Here are a few quick tidbits on the continued topic of running and weight loss.
- Prepare to be patient!
- To lose weight you need to consistently burn 2800 calories through exercise each week to successfully lose weight.
- Avoid post run pig-outs!
- Rather than doing fast, exhausting runs, weight loss requires longer, slower runs (25 to 30 minutes) 3 to 4 times a week.
- If losing weight is your goal, run three to four times per week and incorporate other forms of calorie-burning cardio on the other days.
- A longer run at a slower pace will burn more calories than a short run at a faster pace.
- You may not be burning as many calories as you think. Use a heart rate monitor to make sure you are in the calorie burning zone.
- To lose a pound you need to burn 3500 calories.
- Larger people will burn more calories than smaller people doing the same thing.
- As runners lose weight, they begin to burn fewer calories per mile and weight loss begins to stabilize.
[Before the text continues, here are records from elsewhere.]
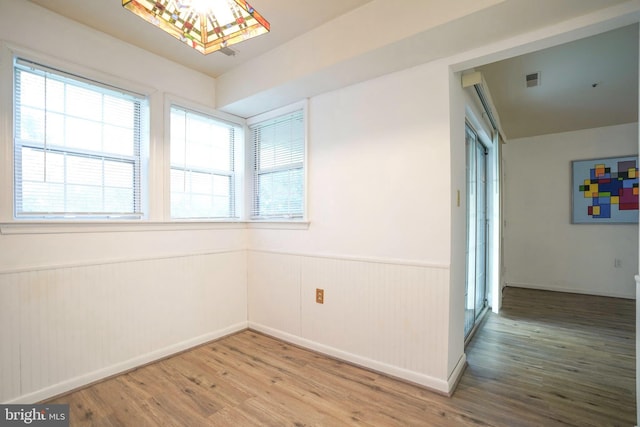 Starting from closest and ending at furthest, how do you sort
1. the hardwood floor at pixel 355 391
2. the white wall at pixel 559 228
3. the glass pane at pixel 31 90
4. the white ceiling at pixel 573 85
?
1. the hardwood floor at pixel 355 391
2. the glass pane at pixel 31 90
3. the white ceiling at pixel 573 85
4. the white wall at pixel 559 228

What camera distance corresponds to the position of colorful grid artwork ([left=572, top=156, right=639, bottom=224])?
4.50 metres

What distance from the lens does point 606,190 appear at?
15.4 feet

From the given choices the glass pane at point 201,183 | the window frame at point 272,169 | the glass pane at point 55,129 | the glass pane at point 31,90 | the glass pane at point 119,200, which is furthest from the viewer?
the glass pane at point 201,183

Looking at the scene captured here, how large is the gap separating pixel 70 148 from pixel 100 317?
1319mm

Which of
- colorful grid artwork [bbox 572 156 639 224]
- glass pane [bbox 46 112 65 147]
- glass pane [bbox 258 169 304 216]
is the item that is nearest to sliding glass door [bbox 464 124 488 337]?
glass pane [bbox 258 169 304 216]

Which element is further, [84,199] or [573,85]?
[573,85]

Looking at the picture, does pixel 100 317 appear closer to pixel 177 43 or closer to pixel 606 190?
pixel 177 43

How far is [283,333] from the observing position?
3033 mm

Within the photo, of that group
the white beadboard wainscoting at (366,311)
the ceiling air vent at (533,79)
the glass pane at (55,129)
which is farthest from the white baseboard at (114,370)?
the ceiling air vent at (533,79)

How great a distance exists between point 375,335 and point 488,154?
307 centimetres

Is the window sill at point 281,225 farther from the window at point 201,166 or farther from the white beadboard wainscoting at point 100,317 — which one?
the white beadboard wainscoting at point 100,317

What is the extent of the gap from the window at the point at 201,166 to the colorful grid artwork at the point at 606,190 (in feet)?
18.0

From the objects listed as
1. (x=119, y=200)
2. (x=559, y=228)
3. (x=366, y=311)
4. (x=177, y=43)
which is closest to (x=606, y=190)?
(x=559, y=228)

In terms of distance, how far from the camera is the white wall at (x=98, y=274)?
1.95 meters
- Mix up your running workouts: include speed intervals, hills, long runs, short runs, and run on different surfaces and in new places to keep your muscles guessing and continuously strengthening.
- Running is one of the best ways to tone your lower body because it helps diminish fat while building muscle.
- Remember: The number on the scale isn’t always the best way to monitor your progress.
Good luck in your weight loss endeavors!